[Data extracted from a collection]
──────

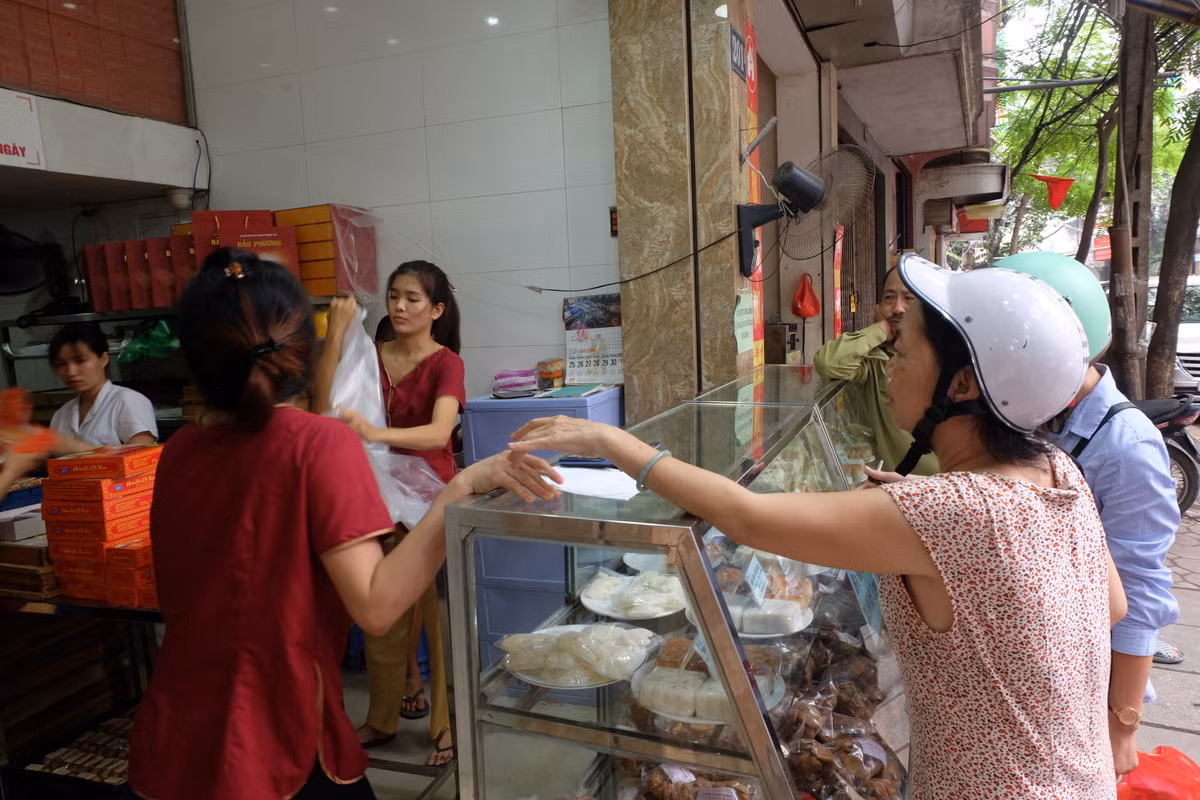 Quầy bánh có khoảng 5-6 người mua cùng lúc, không còn cảnh xếp hàng dài mua bánh trung thu hay cảnh cửa hàng phải treo biển báo hết bánh.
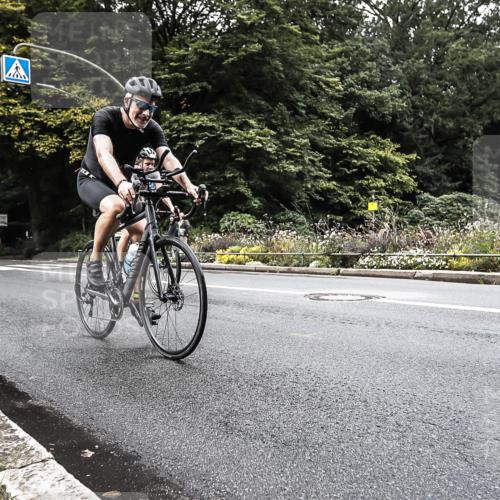 13.09.2026 - Stadtparktriathlon H.Heesch http://msf.ph/oto/10382171 13.09.2026 11:06:03 Radfahren 476, 590, 605, 621 meine-sportfotos.de
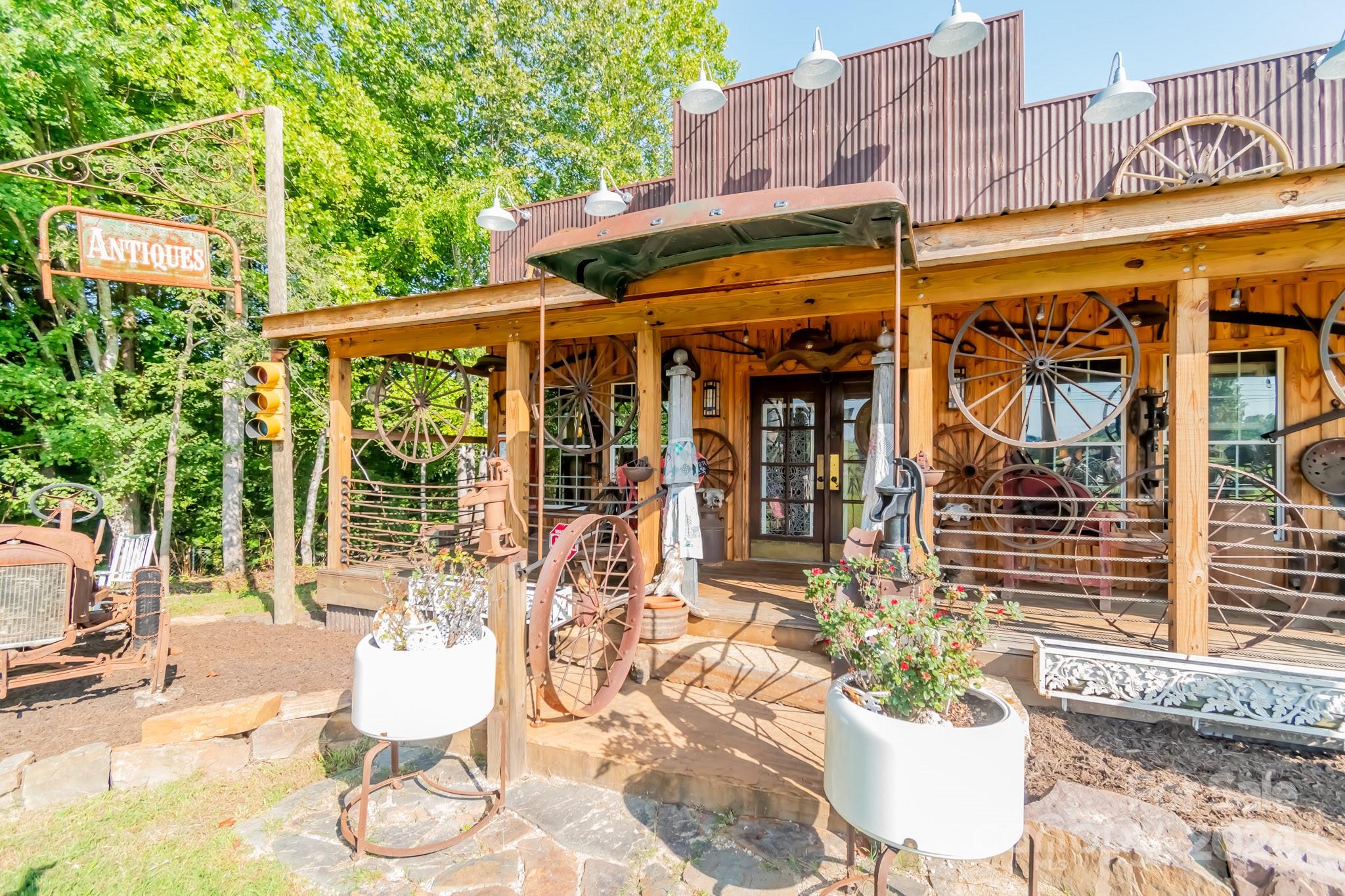 5067 E Dixon Boulevard — Kings Mountain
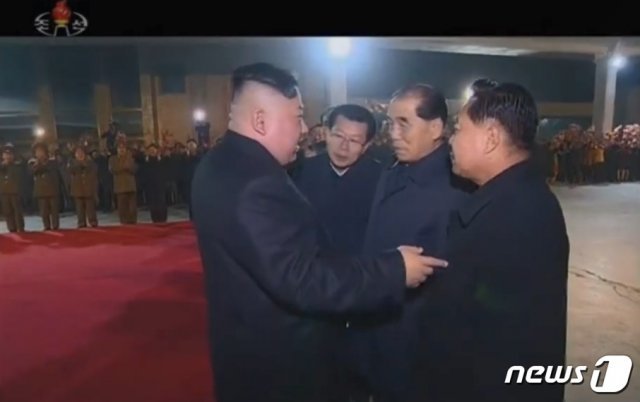 조선중앙TV가 김정은 북한 국무위원장이 24일 새벽 간부들과 시민들의 환송을 받으며 북러정상회담 참석 차 러시아로 떠나는 모습을 공개했다. (조선중앙TV 갈무리)2019.4.24/© 뉴스1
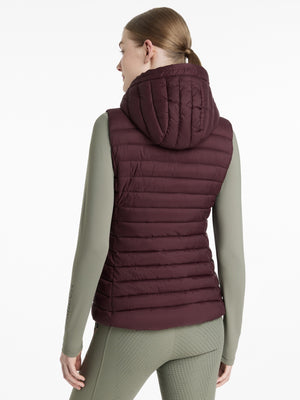 IT07190_studio_rosehoodedpuffergilet_damson_002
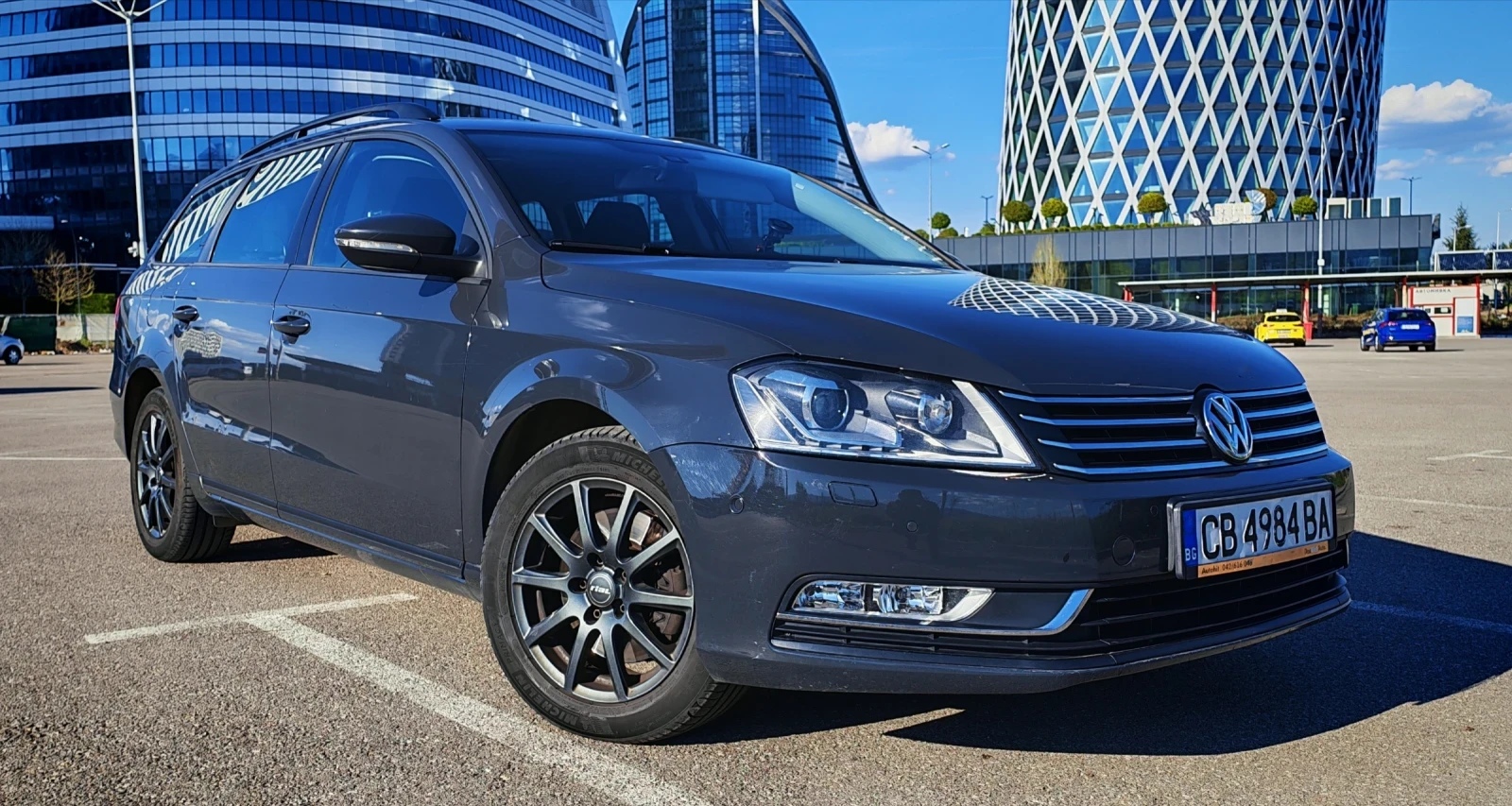 VW Passat, снимка 8 - Автомобили и джипове - 54426751
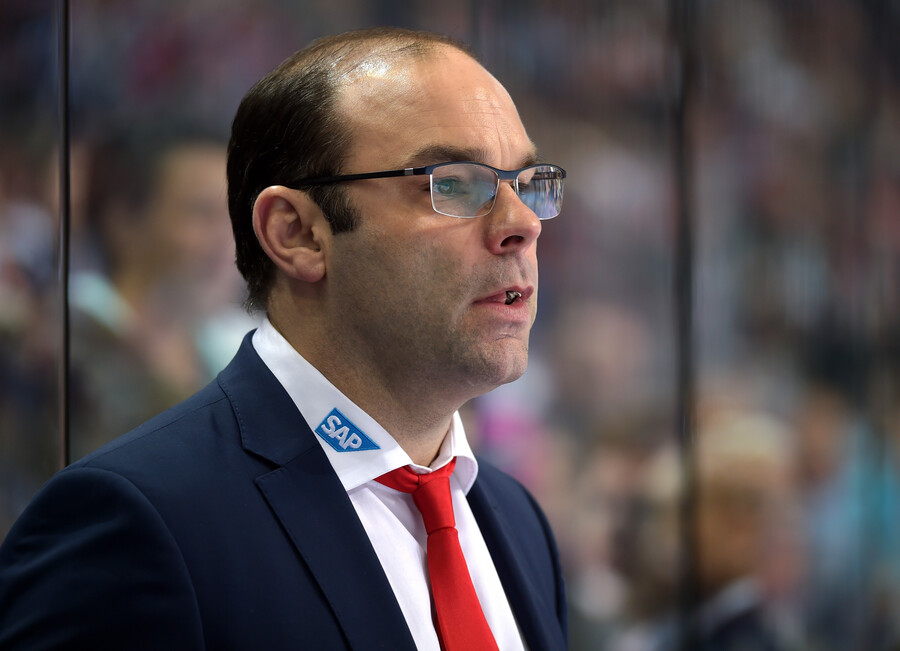 Eisbaeren Berlin v Adler Mannheim - DEL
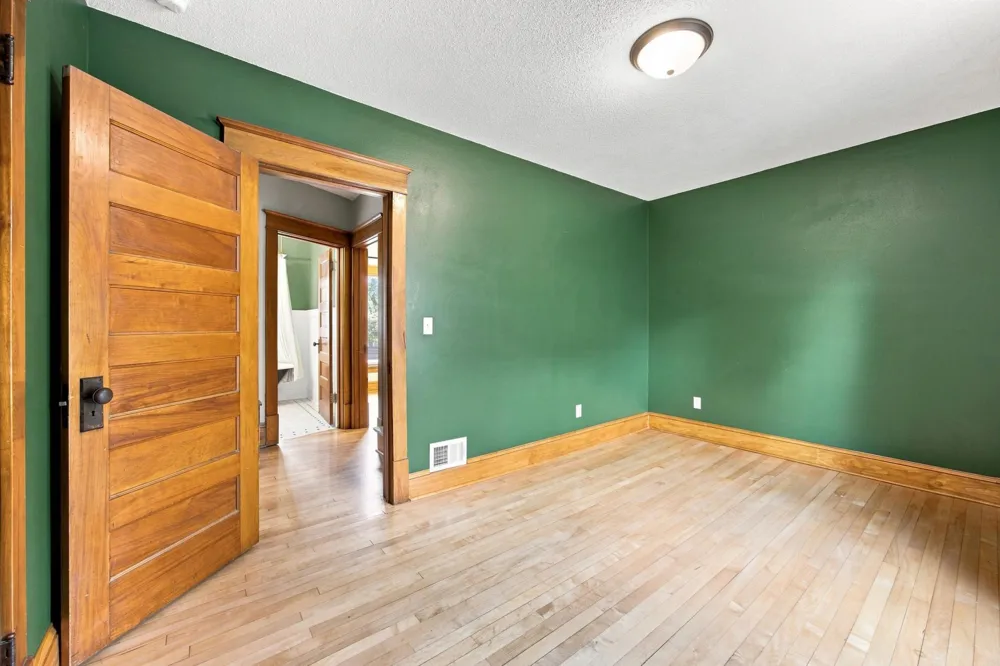 819 8th Avenue Fargo, ND 58102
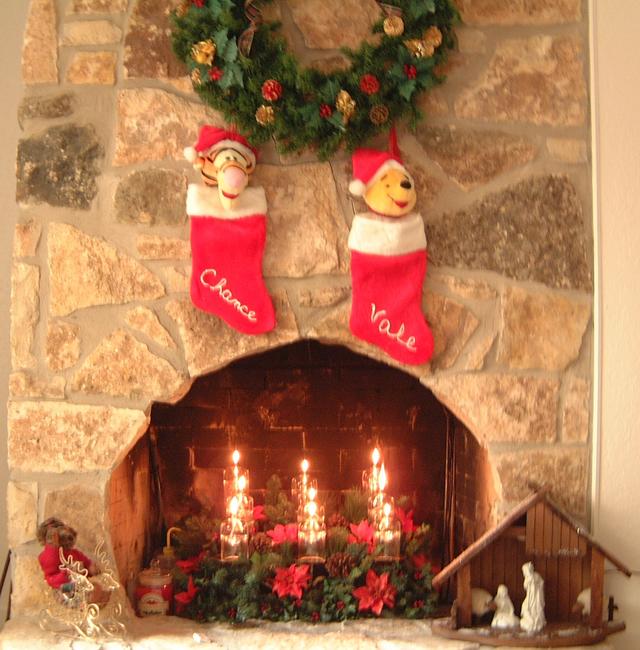 2000/12(December)/Family_Christmas_Fun/640x480_2000-12-18_fireplace2.jpg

──────

-- YOUR TASK --
Output, exactly and without pictures, the span of lines that starts at the line containing "VW Passat, снимка" and ends at the last line above.

-- THE COMPLETED TASK --
 VW Passat, снимка 8 - Автомобили и джипове - 54426751
 Eisbaeren Berlin v Adler Mannheim - DEL
 819 8th Avenue Fargo, ND 58102
 2000/12(December)/Family_Christmas_Fun/640x480_2000-12-18_fireplace2.jpg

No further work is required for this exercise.